According to some observers this recent crackdown on foreign exchange infractions amongst banks comes in response to the recent wave of cross-border capital flows and an increasingly vexing foreign exchange market, targeting malicious arbitrage in particular.

China’s State Administration of Foreign Exchange (SAFE) has revealed that it has uncovered and penalised a total of 12 major regulatory infractions involving 11 banks since 2014, and issued fines worth a total of 7.53 million yuan in response.

China’s biggest lenders rank amongst the infringers, including the Jiangsu province branch of the Industrial and Commercial Bank of China, the Beijing Dongsi Branch of China Construction Bank, the Shanghai Fengxian branch of Agricultural Bank of China, and the Taizhou branch of Industrial Bank Co.

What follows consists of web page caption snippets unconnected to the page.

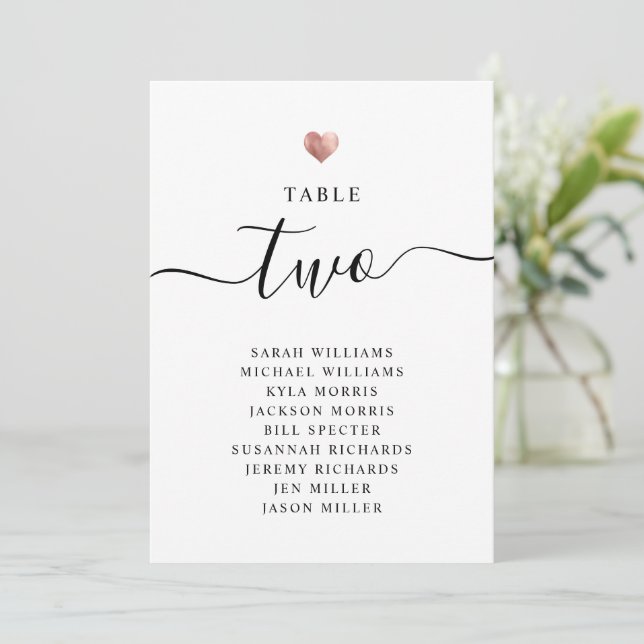 Moderne Rose Gold Wedding Tischnummer Cards (Stehend Vorderseite)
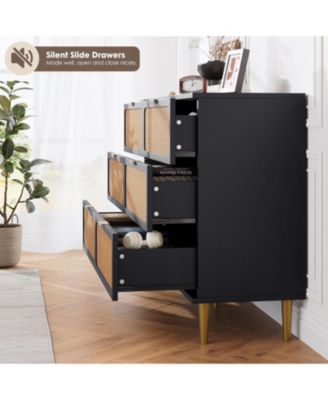 Rattan 6 Drawer Dresser for Bedroom, Long Double Chest with Deep Drawers and Wide Top for Living Room or Kids Room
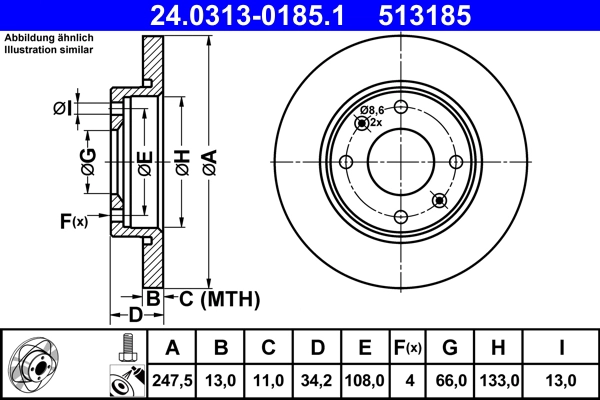 Тормозной диск powerdisc ATE 24.0313-0185.1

Other penalised banks include the Suzhou branch of Minsheng Bank, the Xuzhou branch of Shanghai Pudong Development Bank, and the Shanghai Pudong branch of the Postal Savings Bank of China.

The vast majority of these infractions were committed in 2015 and 2016, with just one taking place in 2014.

According to analysts the infractions could have been the result of either moral hazard or carelessness on the part of banking staff.

ABC’s Shanghai Fengxian branch was penalised for the use of counterfeit documents to handle foreign exchange purchases on behalf of companies, while the Jiangsu province branch of ICBC and two of Minsheng Bank’s branches (Suzhou and Kunming) were all penalised for handling of settlement, sale and exchange operations in breach of regulations.

These infractions all attracted the largest fines of 1 million yuan, as well as saw the suspension of settlement and exchange operations and the pursuit of individual staff for liability.